**Your instructions:** Write out each record below exactly, but not the pictures.

**Study material:**
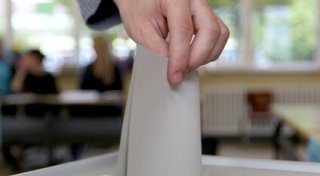 Diese zwei kandidieren um das Bürgermeisteramt in Salzkotten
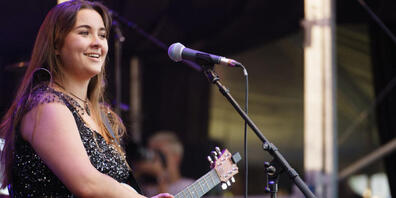 Joya Marleen aus St.Gallen ist im letzten August am Open Air Gampel aufgetreten und nun gleich drei Mal für einen Betonklotz nominiert.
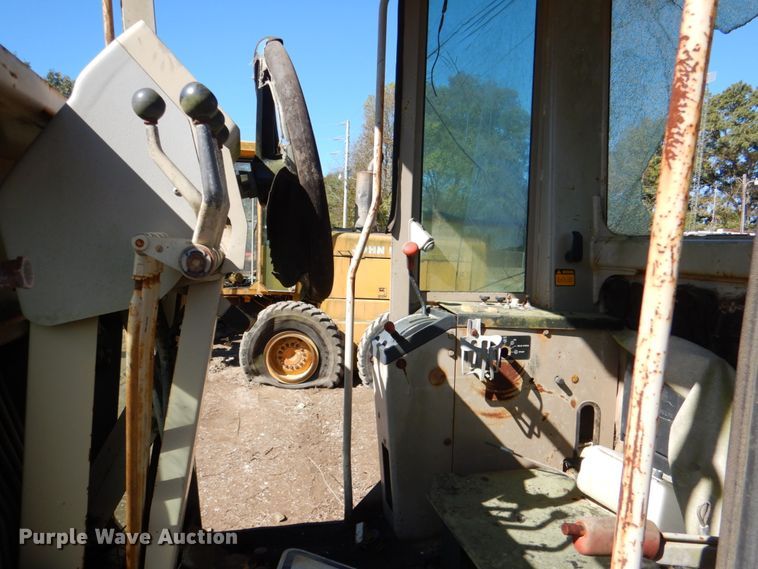 image for item DL0626 John Deere 770B  motor grader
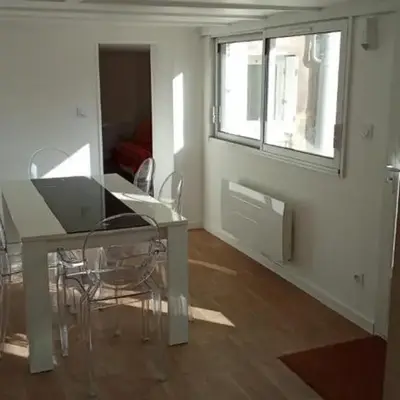 Home in Niort
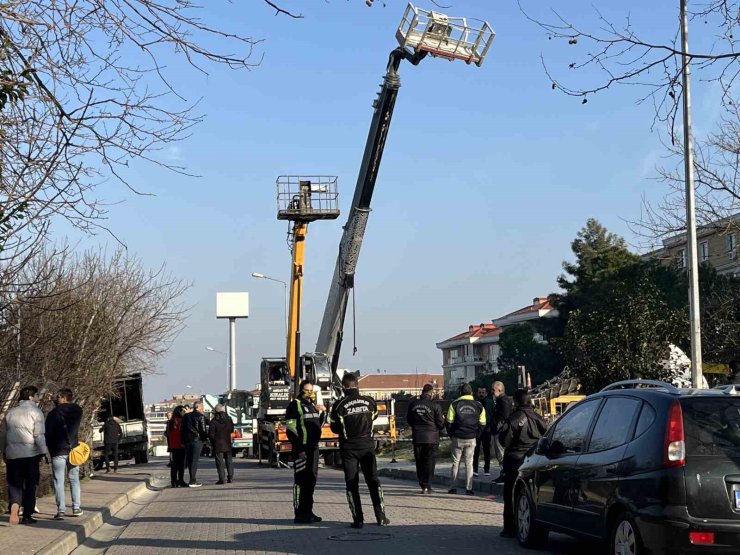 BAHÇELİEVLER’DE VİNÇ SEPETİNDEN DÜŞEN 4 İŞÇİ YARALANDI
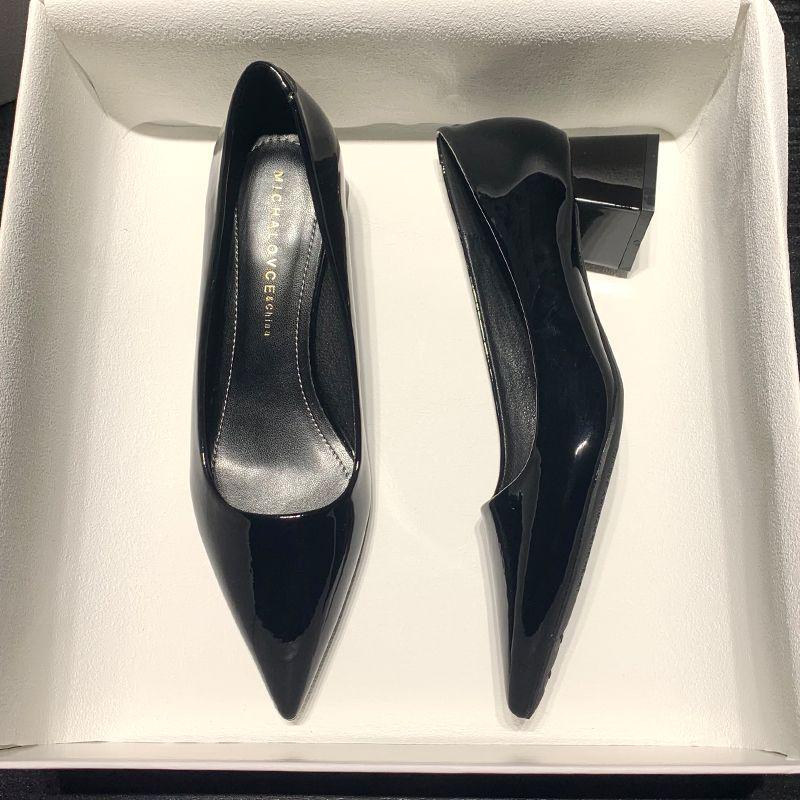 2025 Женские черные лакированные туфли на низком каблуке с острым носком для работы - Универсальный и простой дизайн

**Answer to the exercise:**
 Diese zwei kandidieren um das Bürgermeisteramt in Salzkotten
 Joya Marleen aus St.Gallen ist im letzten August am Open Air Gampel aufgetreten und nun gleich drei Mal für einen Betonklotz nominiert.
 image for item DL0626 John Deere 770B  motor grader
 Home in Niort
 BAHÇELİEVLER’DE VİNÇ SEPETİNDEN DÜŞEN 4 İŞÇİ YARALANDI
 2025 Женские черные лакированные туфли на низком каблуке с острым носком для работы - Универсальный и простой дизайн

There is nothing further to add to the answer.